If we were to distribute the #2x#, we would get #2x^3+10x^2+12x#, which is our original problem.

Now, we proceed to factoring the quadratic equation #x^2+5x+6#. We do this by looking for two numbers that add to 5 and multiply to 6; these numbers are 3 and 2. If you're wondering why: when we factor a quadratic like this one, we want it in the form #(x+a)(x+b)#, where #a# and #b# multiply to the constant term and add to the first-degree term (in this case, our constant term is #6# and our first degree term is #5x#). Here, we have #a = 3# and #b = 2# (#a = 2# and #b = 3# works too).
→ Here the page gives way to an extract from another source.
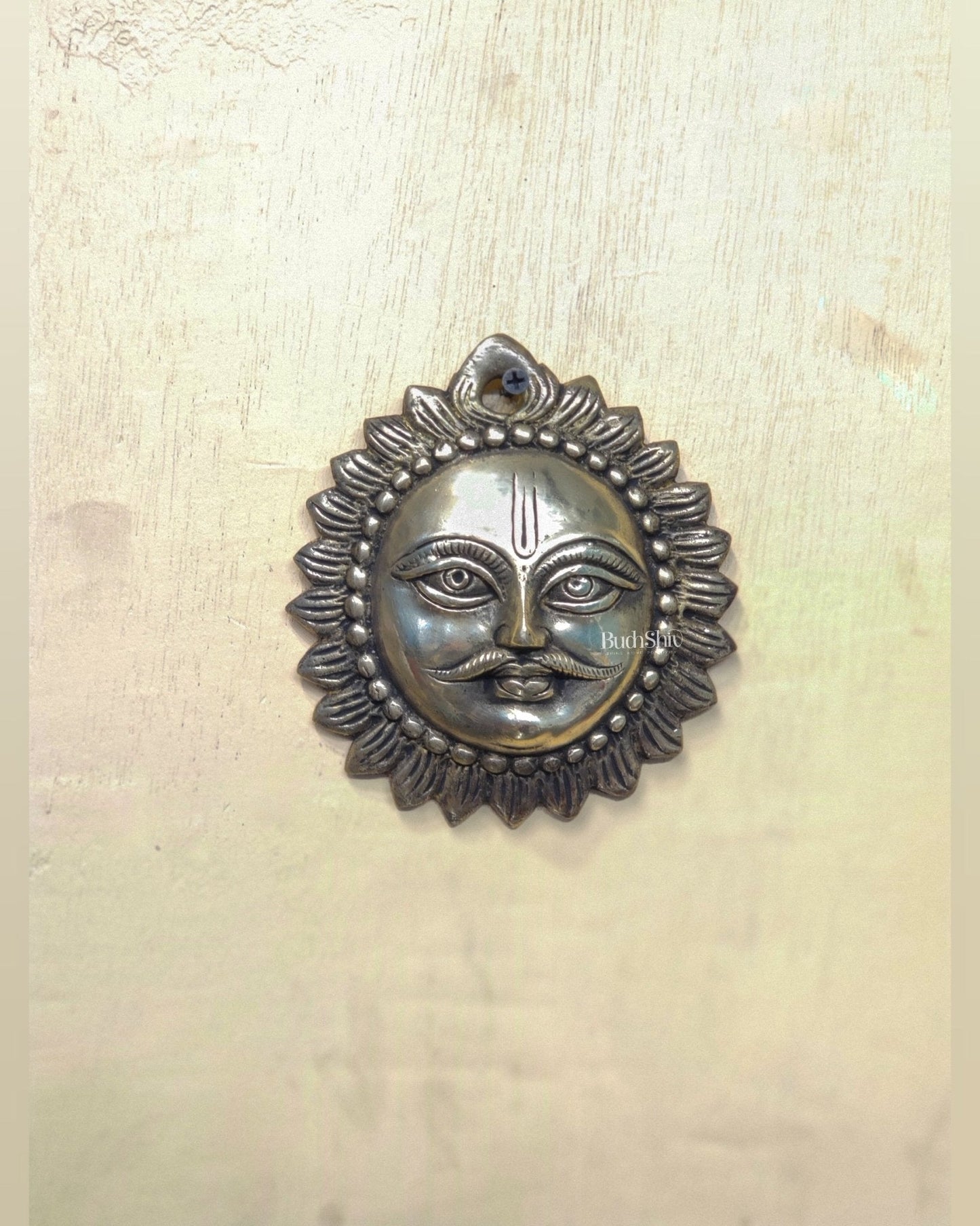 Brass Surya dev sun god wall hanging 5 inch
So, the factored form of the quadratic equation #x^2+5x+6 = (x+3)(x+2)#. Back to the main problem.

Now that we have our quadratic completely factored, we can finish up. We simply replace our quadratic with the factored version, like this:

#2x(x+3)(x+2)#

Since we can't simplify this any further, we can say that #y = 2x^3+10x^2+12x# in factored form is #y = 2x(x+3)(x+2)#.